May 21, 2014

The deafening silence of universities on The Basel Committee Distortion is scary.

Sir, I refer to John Kay’s “Angry economics students are naïve- and mostly right” May 21.

When John Kay invests his capital he looks at risk and returns when deciding what to do. How would it impact his decisions if suddenly the government told him “Citizen Kay, if you invest in what is perceived ex ante as “absolutely safe”, I will pay you additionally a couple of hundred basis points.”? Would he also think that subsidy carries no cost?

Allowing banks to hold less capital when lending to “the safe” than when lending to “the risky” causes banks to earn much higher risk-adjusted returns on equity when lending to “the safe” than when lending to “the risky”, and this means, no doubt about it, that banks will lend too much to “the safe” and too little to “the risky”.

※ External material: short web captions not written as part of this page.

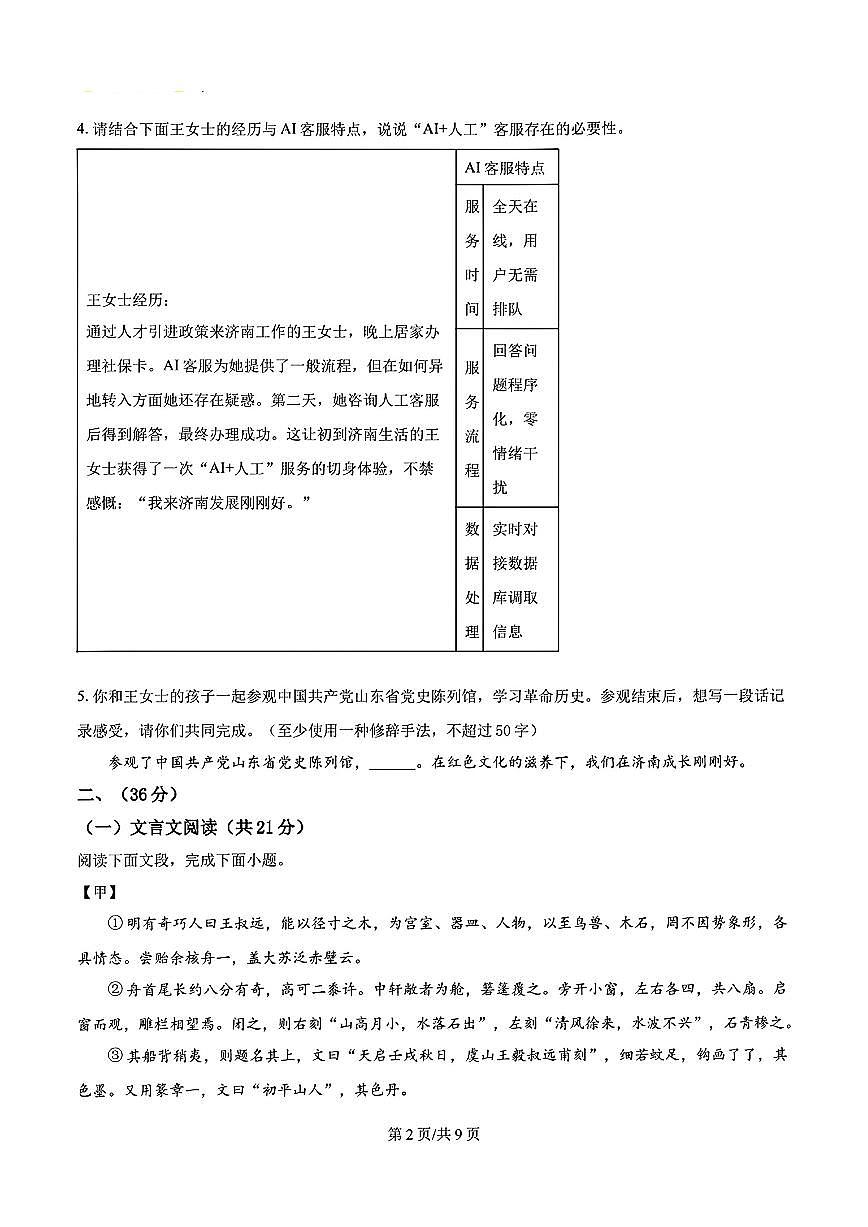 2025年济南市中考学业水平测试语文真题及其答案解析第2页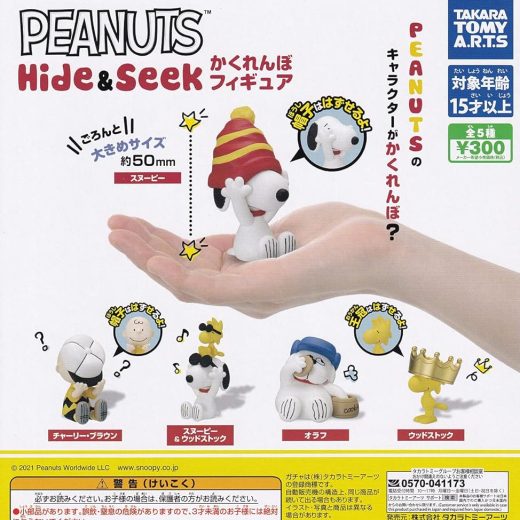 タカラトミーアーツ PEANUTS スヌーピー Hide ＆ Seek かくれんぼフィギュア × 全5種セット フルコンプ ガチャガチャ カプセルトイ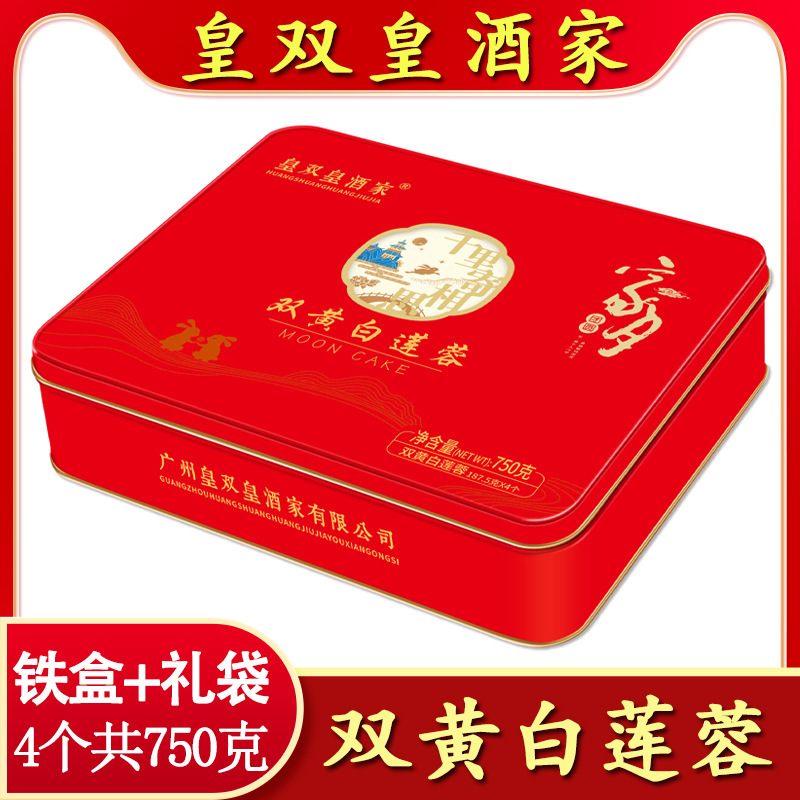 广州皇双皇酒家双黄白莲蓉月饼蛋黄广式散装伍仁豆沙老式传统中秋|undefined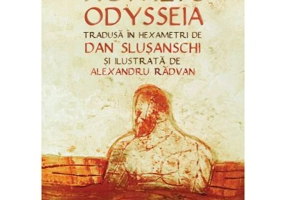 Odysseia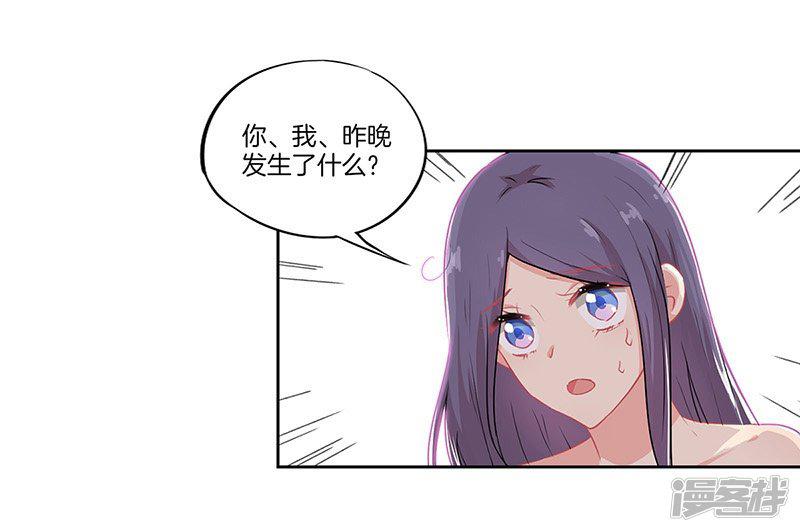 第35话-3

And so though I am not an angry economic student, I am an economist very angry with our universities for ignoring the distortions caused by the risk-weighted bank capital requirements in the allocation of credit in the real economy. Their deafening silence on this issue makes it so much harder to extract an explanation from the regulators who in my mind are either blind or plain stupid.

That you for instance can obtain an MBA from Harvard, or get a CFA certification, without having been made aware of the existence of The Basel Committee Distortion, and much less of its financial consequences, is truly scary.